Starbucks's P/B and P/E Ratios Are Higher Than Average:
Starbucks Corporation, together with its subsidiaries, operates as a roaster, marketer, and retailer of specialty coffee worldwide. The company belongs to the Consumer Discretionary sector, which has an average price to earnings (P/E) ratio of 22.33. In contrast, Starbucks has a trailing 12 month P/E ratio of 29.4 based on its earnings per share of $3.28.
There is an important limit on the usefulness of P/E ratios. Since the P/E ratio is the share price divided by earnings per share, the ratio is determined partially by market sentiment on the stock. Sometimes a negative sentiment translates to a lower market price and therefore a lower P/E ratio -- and there might be good reasons for this negative sentiment.
One of the main reasons not to blindly invest in a company with a low P/E ratio is that it might have low growth expectations. Low growth correlates with low stock performance, so it's useful to factor growth into the valuation process. One of the easiest ways to do this is to divide the company's P/E ratio by its expected growth rate, which results in the price to earnings growth, or PEG ratio.
Starbucks's PEG ratio is 1.96, which shows that the stock is overvalued in terms of its estimated growth. For reference, a PEG ratio near or below 1 is a potential signal that a company is undervalued.
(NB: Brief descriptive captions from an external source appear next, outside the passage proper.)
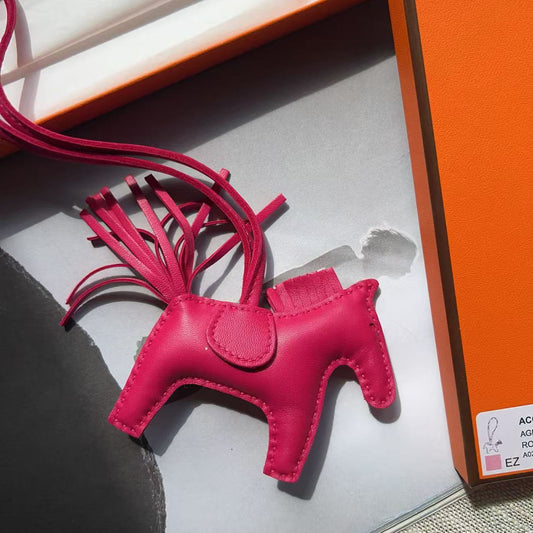 A bright pink leather accessory with a crown-like cutout and long fringed tassels, photographed inside an orange and white box. No person or real environment is present, so this is Product/Packaging rather than Lifestyle.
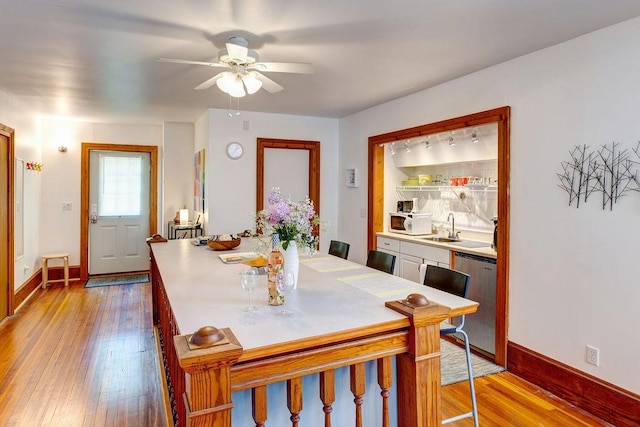 dining space with sink, light hardwood / wood-style floors, and ceiling fan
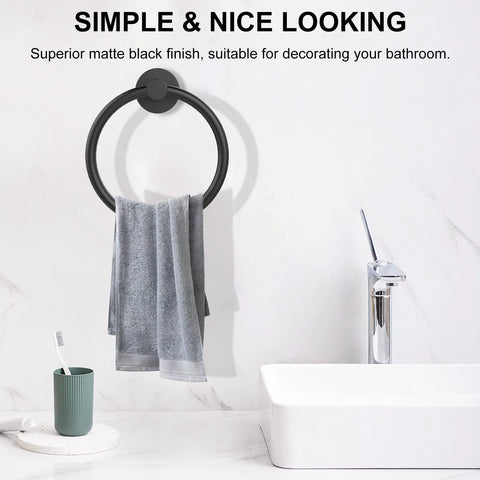 Matte Black Wall Towel Holder And Ring - Stainless Steel Heavy Duty Hand Towel Bar in a bathroom setting with towel hanging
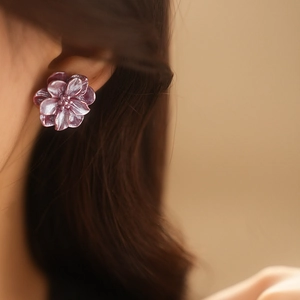 Gros plan d'une boucle d'oreille fleur en résine violette portée par un mannequin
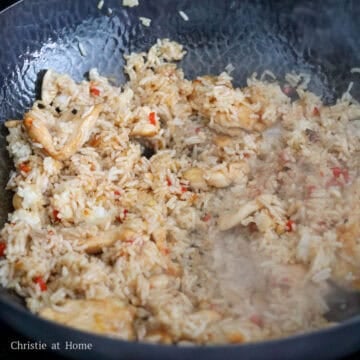 Push everything to the side. Add more oil if needed into empty space. Toss in rice and sauce. Note: it is fine if your rice is a bit moist as this fried rice is more on the saucier side than dry.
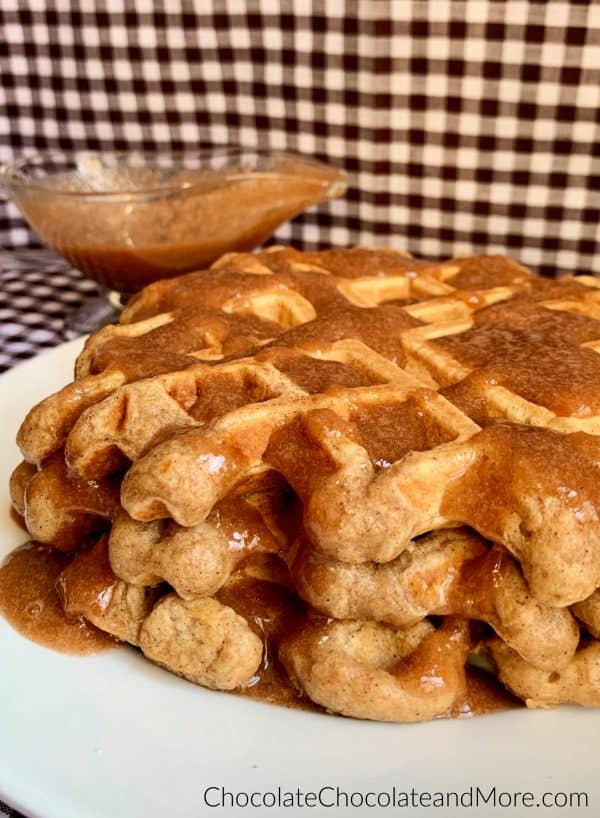 Cinnamon Applesauce Waffles sitting on a white circular plate and a clear gravy boat with cinnamon applesauce glaze sitting behind and a white and black checkered background.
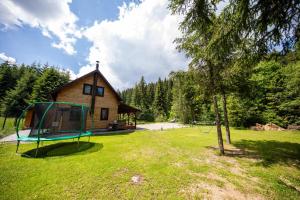 a cabin in the woods with a playground in the yard at Czirják Kulcsosház in Bucsin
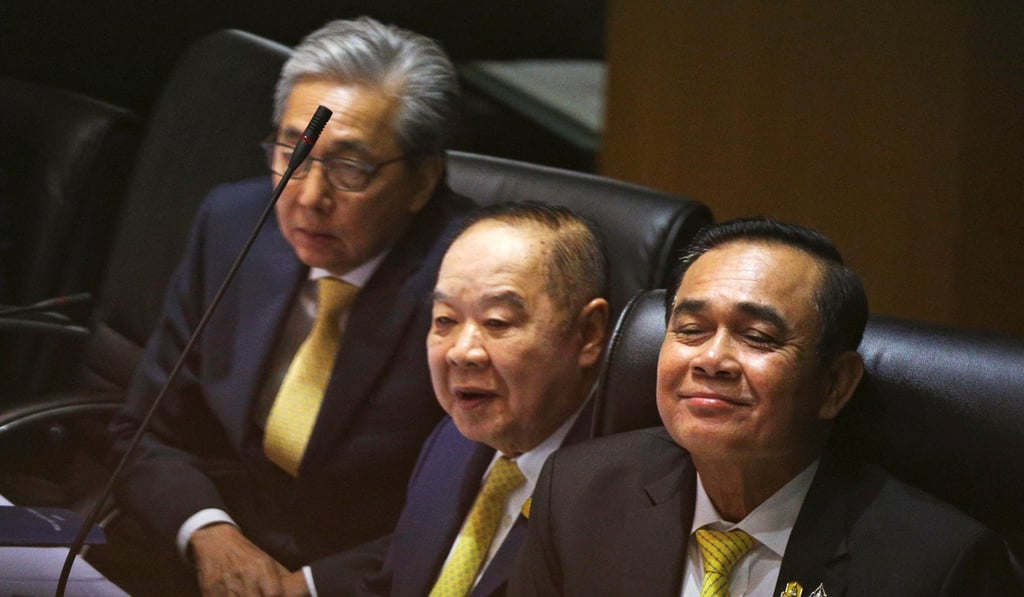 Prayuth Chan-ocha sits with members of his cabinet before delivering a policy statement in Bangkok on July 25. Photo: Reuters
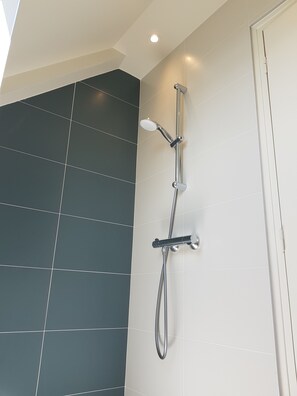 Een douche, een haardroger, handdoeken, toiletpapier
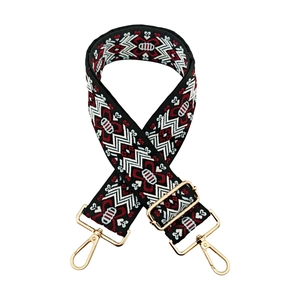 Detail of jacquard woven strap featuring geometric patterns and golden metal swivel hooks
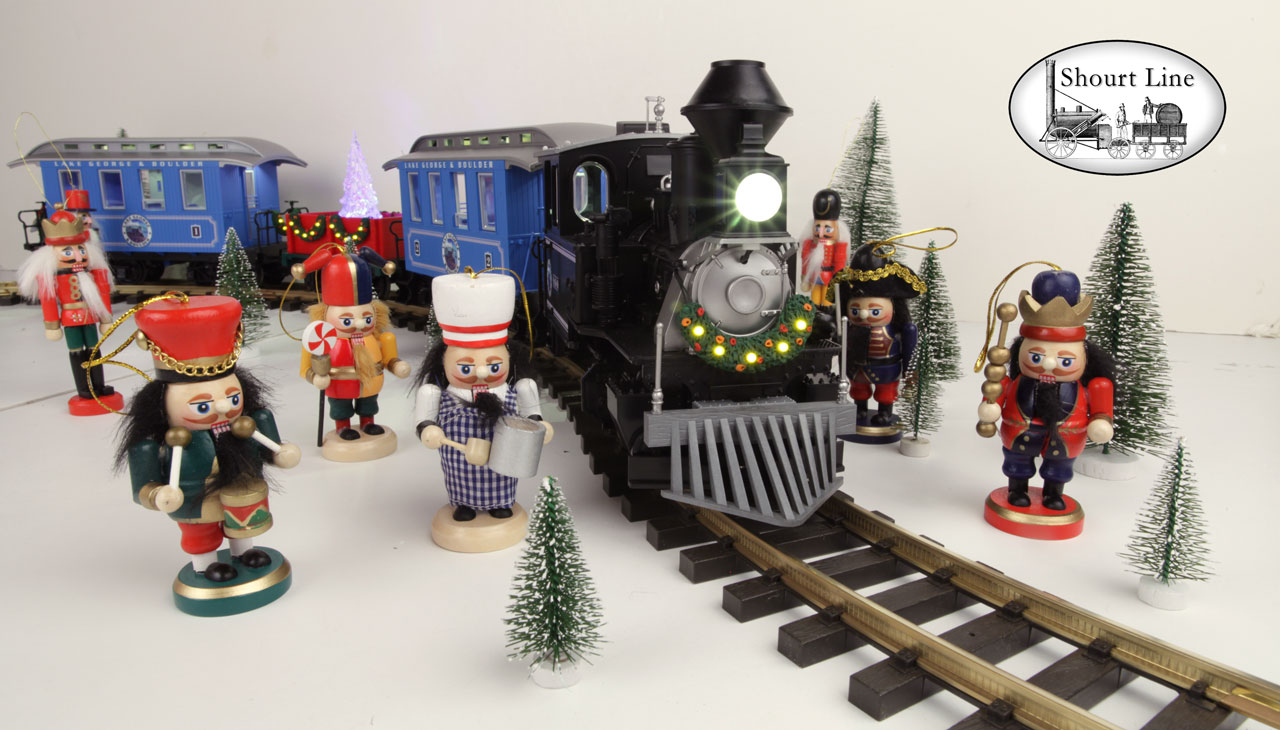 G Scale Shourt Line LGB 72327 HLW 15105 G Scale Ultimate Hybrid 71 LED Passenger Christmas Train Starter Set front and right side low angle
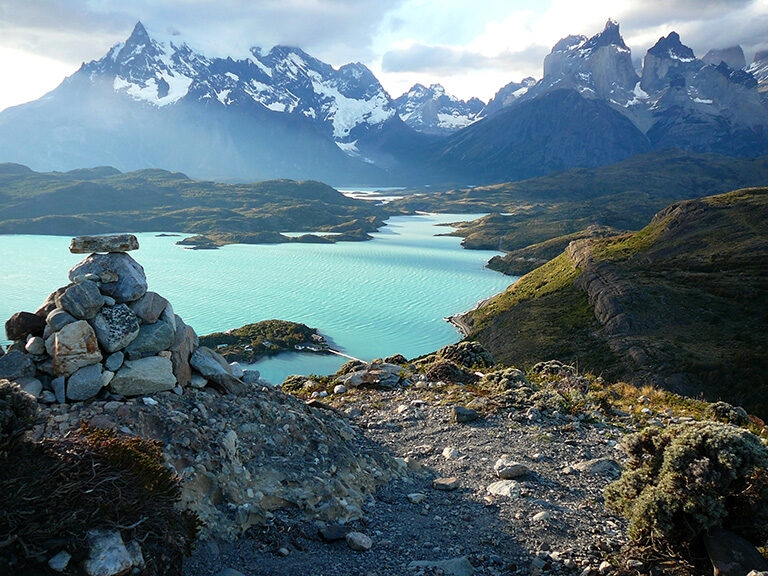 A rocky overlook of a bright blue lake and jagged mountains on luxury Chile trips.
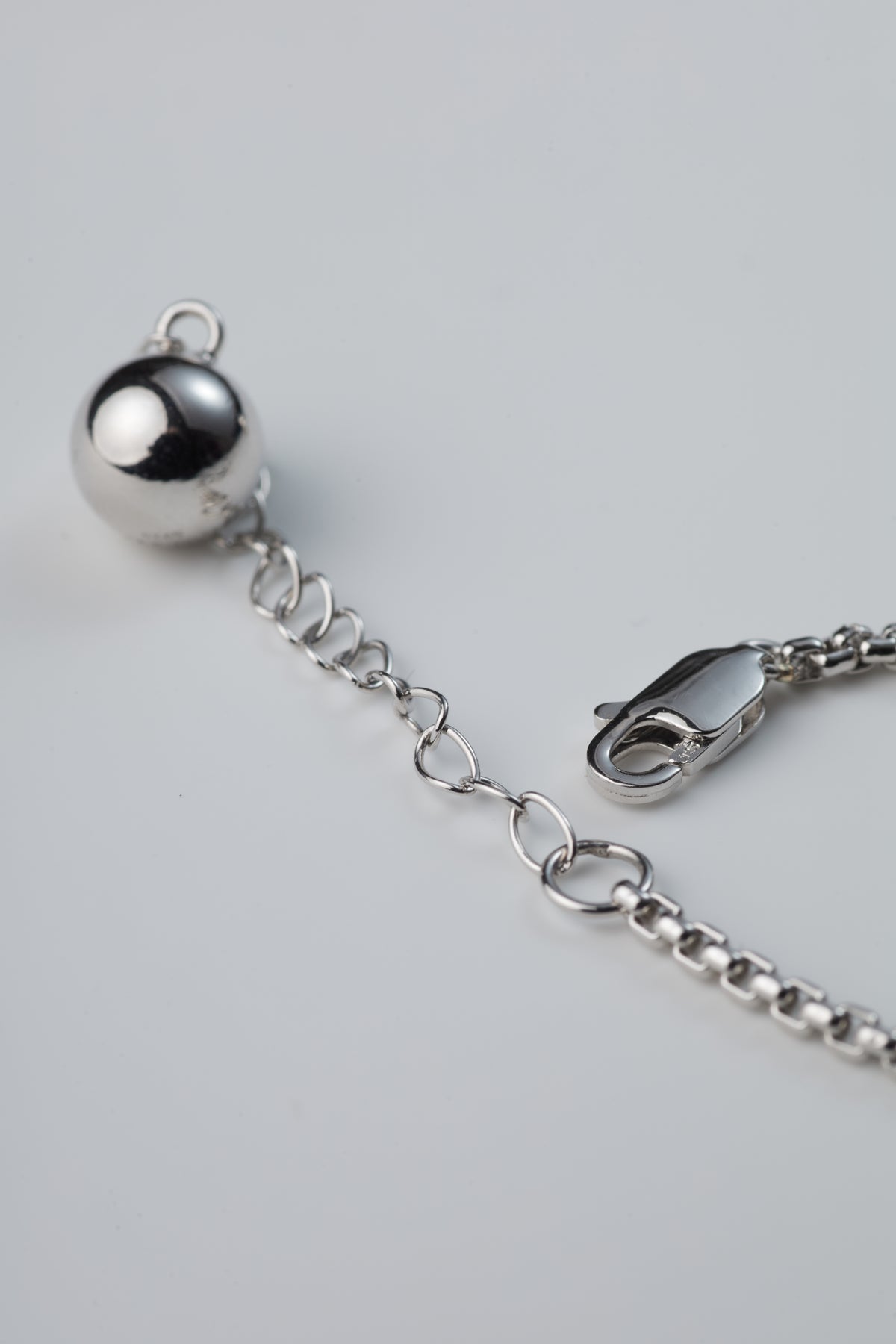 Asymmetric Heart Necklace — Silver bracelet with a spherical charm on a light gray background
EPS Trend Sustained Primarily by Reducing the Number of Shares Outstanding:
2017-11-17 | 2018-11-16 | 2019-11-15 | 2020-11-12 | 2021-11-19 | 2022-11-18 | |
---|---|---|---|---|---|---|
Revenue (MM) | $22,387 | $24,720 | $26,509 | $23,518 | $29,061 | $32,250 |
Gross Margins | 60.0% | 68.0% | 68.0% | 67.0% | 70.0% | 68.0% |
Operating Margins | 17% | 15% | 15% | 6% | 16% | 14% |
Net Margins | 13.0% | 18.0% | 14.0% | 4.0% | 14.0% | 10.0% |
Net Income (MM) | $2,885 | $4,518 | $3,599 | $928 | $4,199 | $3,282 |
Net Interest Expense (MM) | -$92 | -$170 | -$331 | -$437 | -$470 | -$483 |
Depreciation & Amort. (MM) | -$1,067 | -$1,306 | -$1,449 | -$1,503 | -$1,524 | -$1,529 |
Earnings Per Share | $1.97 | $3.24 | $2.92 | $0.79 | $3.54 | $2.83 |
EPS Growth | n/a | 64.47% | -9.88% | -72.95% | 348.1% | -20.06% |
Diluted Shares (MM) | 1,462 | 1,395 | 1,233 | 1,182 | 1,188 | 1,158 |
Free Cash Flow (MM) | $5,771 | $13,914 | $6,854 | $3,081 | $7,459 | $6,239 |
Capital Expenditures (MM) | -$1,519 | -$1,976 | -$1,807 | -$1,484 | -$1,470 | -$1,841 |
Net Current Assets (MM) | -$3,625 | -$10,486 | -$19,797 | -$29,368 | -$26,951 | -$29,658 |
Long Term Debt (MM) | $3,933 | $9,090 | $11,167 | $14,660 | $13,617 | $13,120 |
Net Debt / EBITDA | 0.25 | 0.1 | 1.81 | 3.88 | 1.29 | 1.99 |
Starbucks has weak revenue growth and a flat capital expenditure trend, irregular cash flows, and significant leverage. We also note that the company benefits from wider gross margins than its peer group and average operating margins with a stable trend. However, the firm has EPS growth achieved by reducing the number of outstanding shares.